- Task to carry out
Records follow. Print exactly the lines from the one that has "Alpine Ski Screenshot (Nintendo.com)" through the one that has "Certified 2019 Ford Escape SEL", inclusive, and omit the pictures.

- Stored data
- - - - -
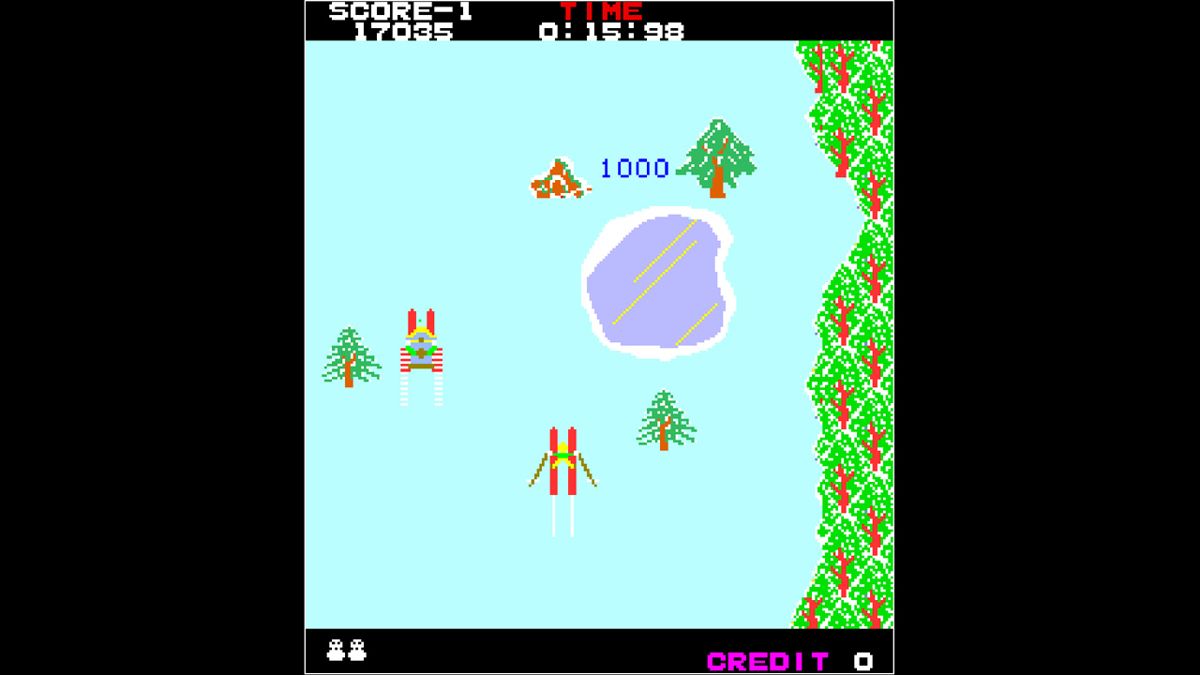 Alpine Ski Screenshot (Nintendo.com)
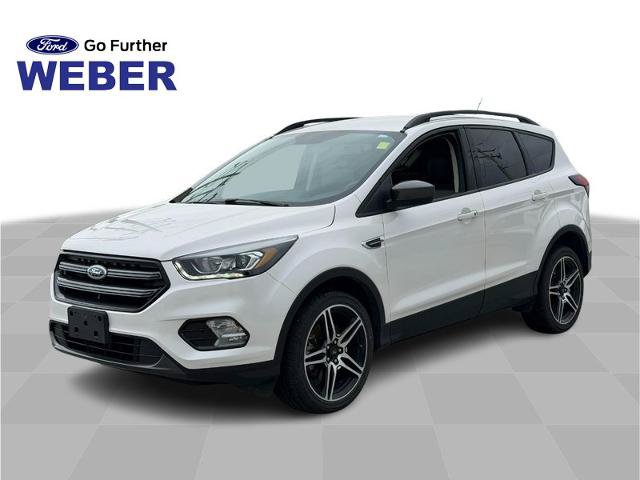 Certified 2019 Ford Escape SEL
- - - - -
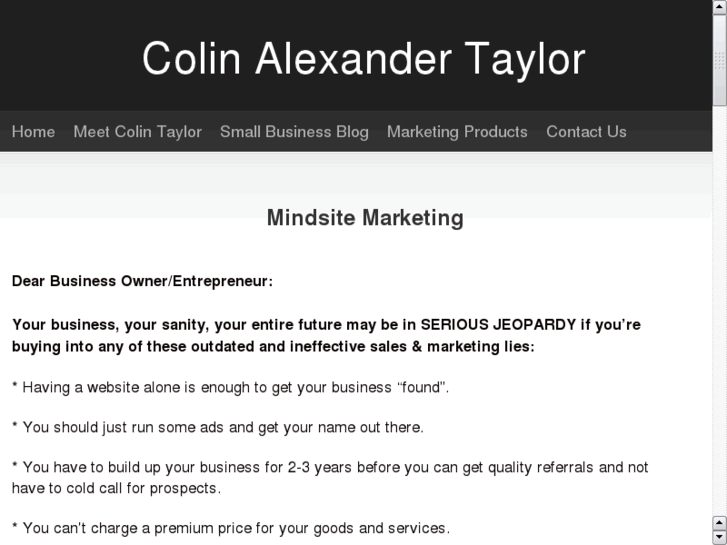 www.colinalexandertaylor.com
- - - - -
- Solved problem
 Alpine Ski Screenshot (Nintendo.com)
 Certified 2019 Ford Escape SEL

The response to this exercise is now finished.